Forests are a safe investment. According to studies, the long-term real return on investment is 3–4 per cent and varies only a little. A forest as an investment can be compared with a buy-to-let home. Fixed assets are traditionally seen as a hedge against inflation, but compared to homes, managing and maintaining forest property is more straightforward and cost-effective. A forest is usually a long-term investment. When the investment horizon of a stock investor is 5–10 years, for example, a forest owner looks at things over a period of at least 10 to 20 years.
The expected return of forest land can be improved through forest management, correctly timed logging and forest improvement measures such as fertiliser. The return may vary due to changes in timber prices, restrictions on commercial use and forest damage. However, risks of damage can be mitigated with insurance.
Purchasing a forest from the market
In recent years, forest estates have been in exceptionally high demand, with sales prices frequently rising above the forestry value. At the same time, supply has also increased. As a buyer, it's a good idea to consider what price level is suitable for your finances. Essential factors for determining a forest estate’s value include location, logging potential, soil quality and accessibility.

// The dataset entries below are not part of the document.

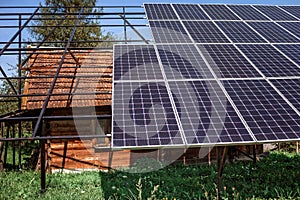 A solar panel on the roof on old wooden house at mountain countryside, green energy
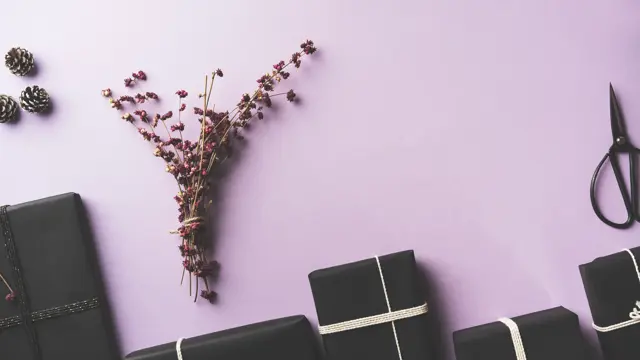 Black wrapped Christmas gift box flat lay with flower branches, scissors on purple background.
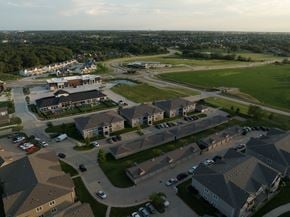 Urbandale condo for rent - A large aerial view of a residential area with houses and a parking lot.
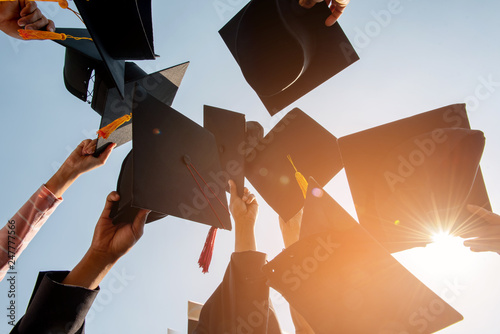 Fotomural Black hat of the graduates floating in the sky.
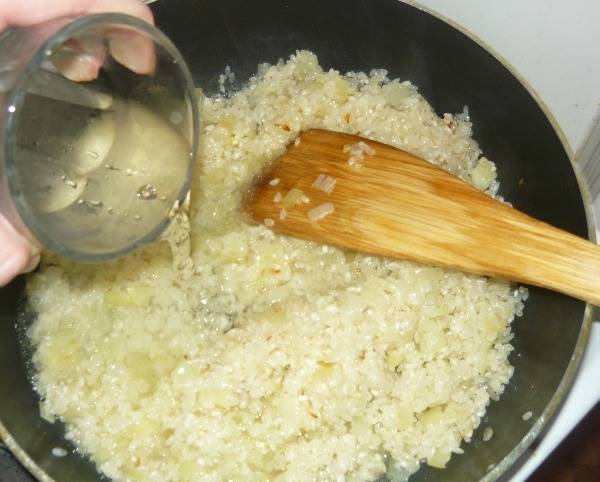 4. Постоянно помешиваем, когда рис прогреется и поменяет немного свой цвет, вливаем вино и воду (примерно, 3 стакана).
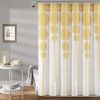 Elegant yellow and white decorative curtain with intricate pattern, perfect for enhancing bedroom or living room decor.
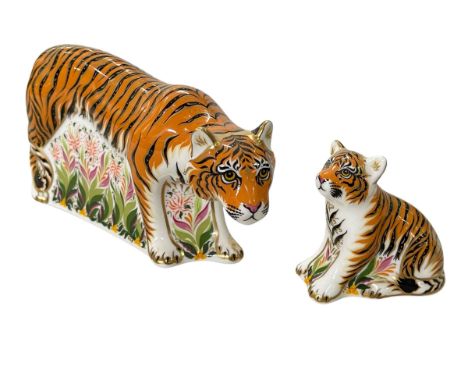 Two Royal Crown Derby Sumatran Tigress and Cub paperweights, gold stopper, largest 19cm across.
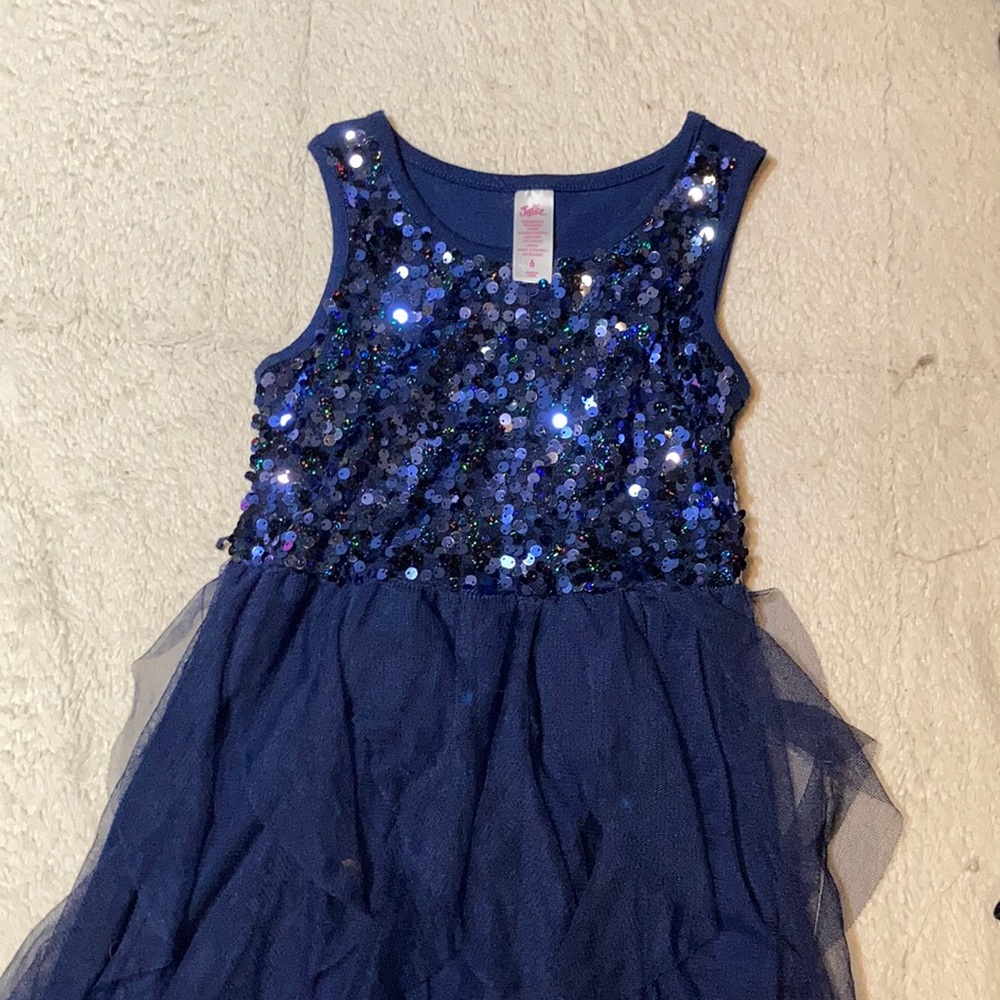 This is a navy blue justice dress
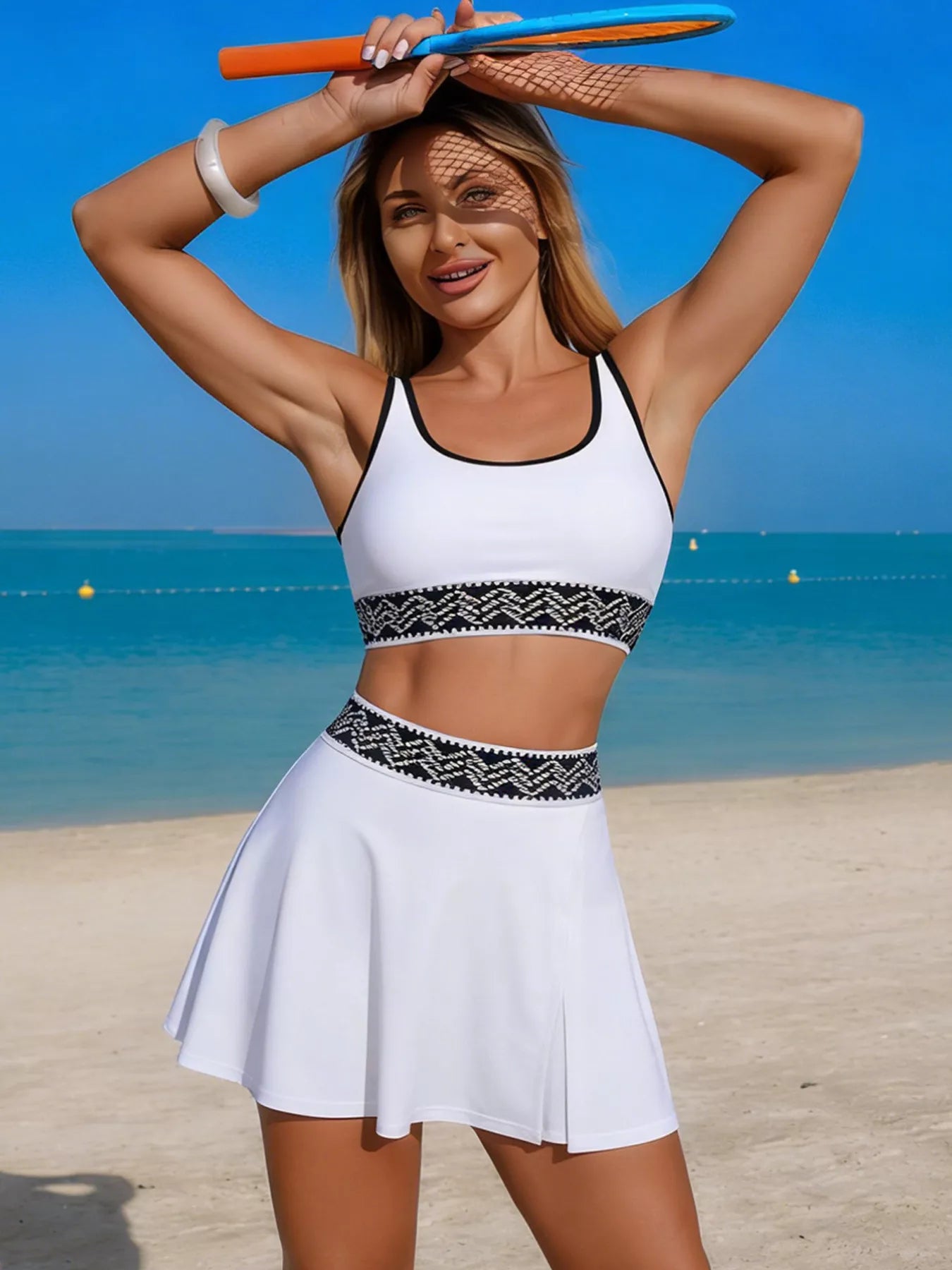 Woman in a white sports outfit with a black pattern on a beach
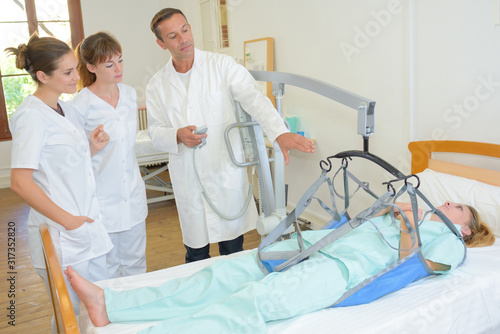 female patient being hoisted from bed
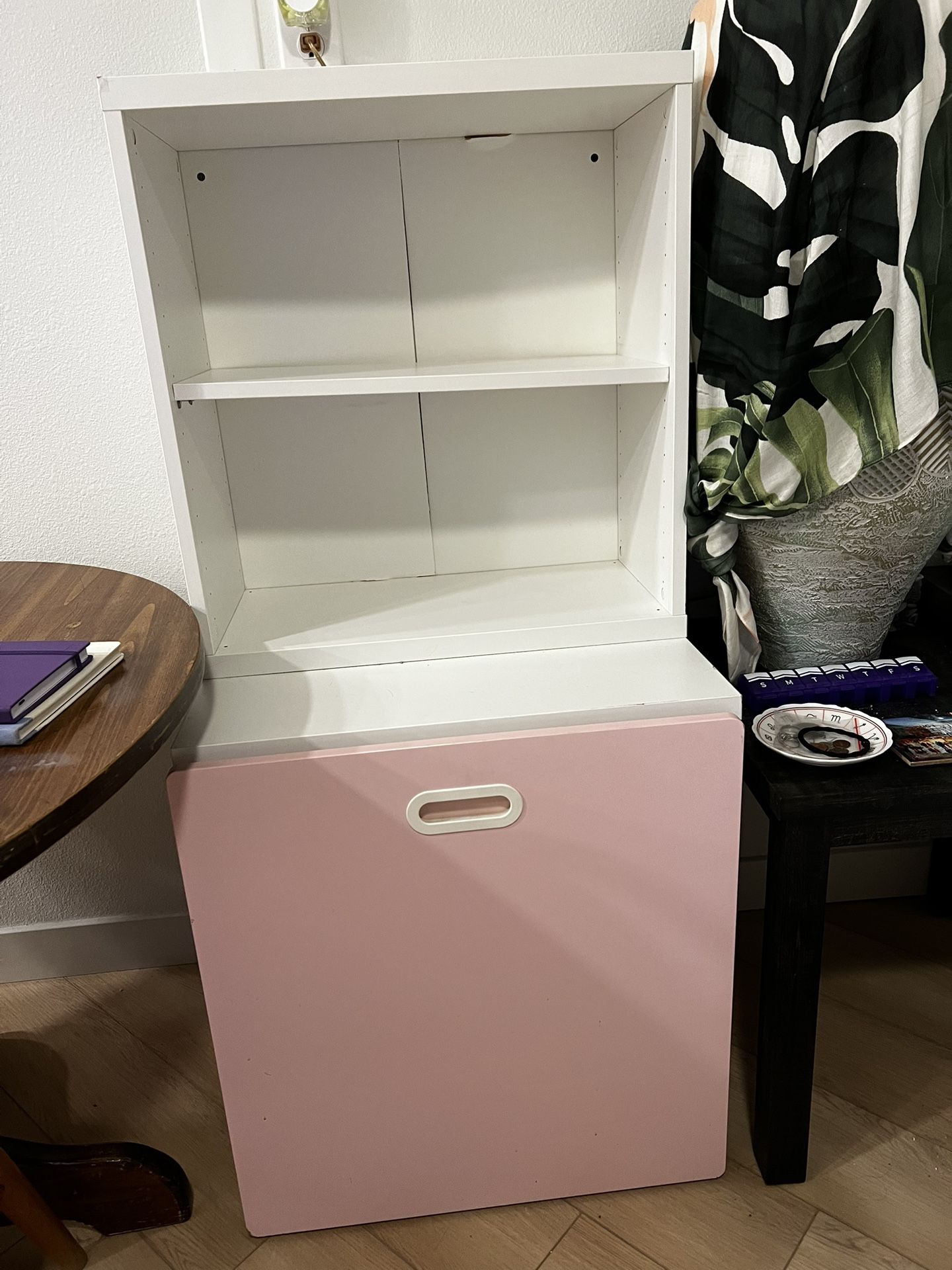 White Two-Shelve Bookcase With Pink Drawer For Storage And Hidden Shelf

Selling a forest to the next generation
Selling is the most tax-efficient way of passing a forest property on to the next generation. In a sales transaction between two close relatives, the seller can be exempt from taxes on capital gains. The successor is entitled to a forest deduction in timber sales tax, which reduces the tax on timber sales proceeds. If the forest's logging potential is significant, you can in many cases use the income from timber sales to repay your loan.